How to Know When It’s Time to Consider a Novated Lease for Your Next Car
After our homes, motor vehicles are typically the most expensive purchase that we make in our lifetime. It’s true that in Australia we really love our cars, and we like them so much that many of us are even prepared to go into significant debt to have them. However, being in debt can be notoriously uncomfortable and that’s why the idea of novated leasing has been gaining serious traction of late.
What is a novated lease?
Novated lease sounds like a term that you accountant might mutter under his breath as you check your watch to see how much more advice you’ll have to sit through before you can head to your local bar, but it’s certainly an idea worth considering if you like to be savvy with your money.
Novated leasing is a leasing model where you introduce a handy third party, which is typically your employer into the car purchasing arrangement. A novated lease essentially allows you to pay for your vehicle and associated running costs (like insurance, fuel and maintenance) out of your pre-tax salary. It results in you paying less tax on your take-home pay which means you’ll get more disposable income to spend on things you enjoy.

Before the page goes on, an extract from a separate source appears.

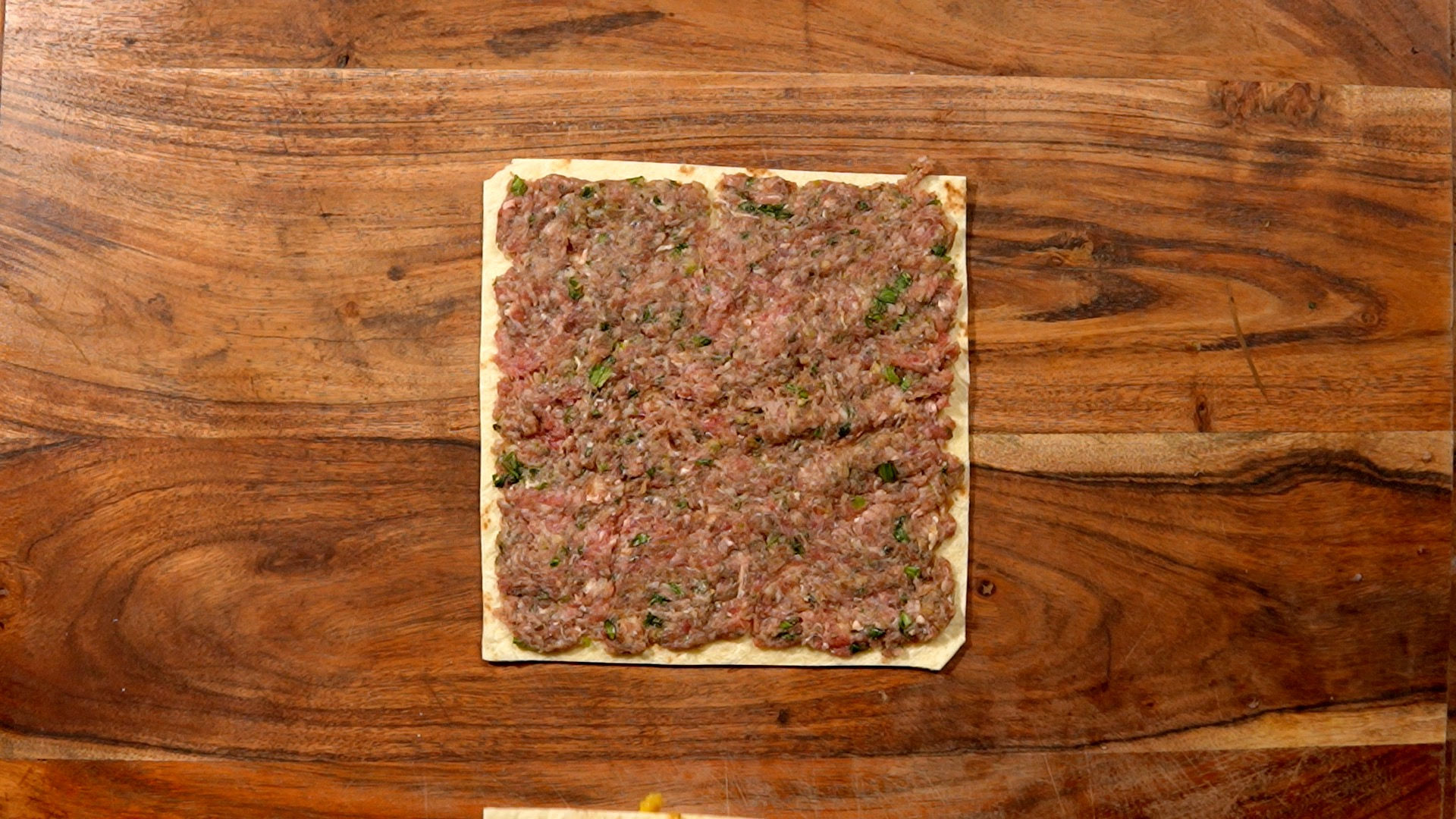 Carne molida prensado con tortilla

Why consider a novated lease?
Typically, when you sign a lease, you’ll be agreeing to a fixed term arrangement – anywhere from 2-5 years. At the end of that period, you can trade up for a newer, swankier model. It gives you the benefit of cruising around in a newer vehicle, and if you happen to get a bit bored of it, you’ll know that it won’t be long until you can change your wheels again.
If, on the other hand, you’ve fallen for your leased car’s charms, most lease arrangements will allow you to purchase your automobile for a pre-determined fee at the end of the contract. Here at Vehicle Solutions, we offer this option to all of our clients.
Additionally, novated lease cars are not subject GST when purchased. It is because the lending company acquires the vehicle on your behalf which translates into a meaningful 9% reduction in the price of the vehicle. Furthermore, you won’t have to pay any GST on running costs such as fuel and registration as these are packaged up into your lease arrangement and contributed through your pre-tax earnings.
All of this results in your net income increasing – you could think of it like getting a pay increase and a new car! If you’re wondering just how much you could save, then check out our free financial calculator to give you a better idea.
Is it the right time for me?
Novated leasing is an excellent way to manage your finances more effectively and ensure you get the best value for your money; however, it’s always important to asses your economic situation and go from there.
If you’re thinking that a novated lease sounds a little too confusing, then consider that if you opt for a traditional lease or buy a vehicle outright, then you’ll be paying for both options out of your post-tax salary. It may end up reducing the amount of disposable income you have each month, so it’s worth wrapping your head around the idea and crunching the numbers. If you’re still not sure, schedule an appointment with your financial advisor to discuss if it’s the best option for you in your current situation.